[Data for the task — start]
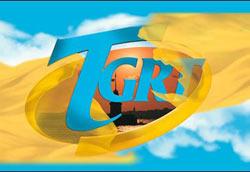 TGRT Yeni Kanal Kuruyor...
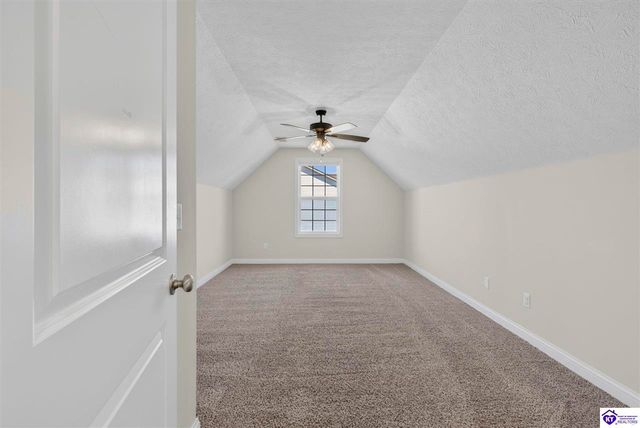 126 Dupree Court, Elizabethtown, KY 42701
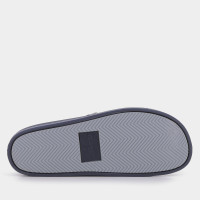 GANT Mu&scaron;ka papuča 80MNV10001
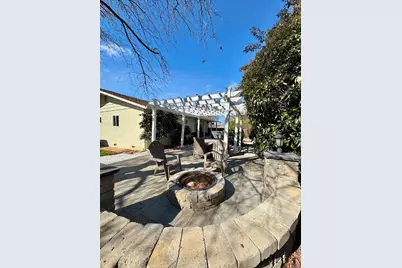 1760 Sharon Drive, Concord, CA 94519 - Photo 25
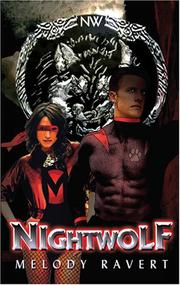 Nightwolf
[Data for the task — finish]
Work to complete: Each line from the line containing "GANT Mu&scaron;ka papuča 80MNV10001" through the final line of the data above must be retyped exactly; nothing else, and no pictures, may appear.

Reply to the task:
 GANT Mu&scaron;ka papuča 80MNV10001
 1760 Sharon Drive, Concord, CA 94519 - Photo 25
 Nightwolf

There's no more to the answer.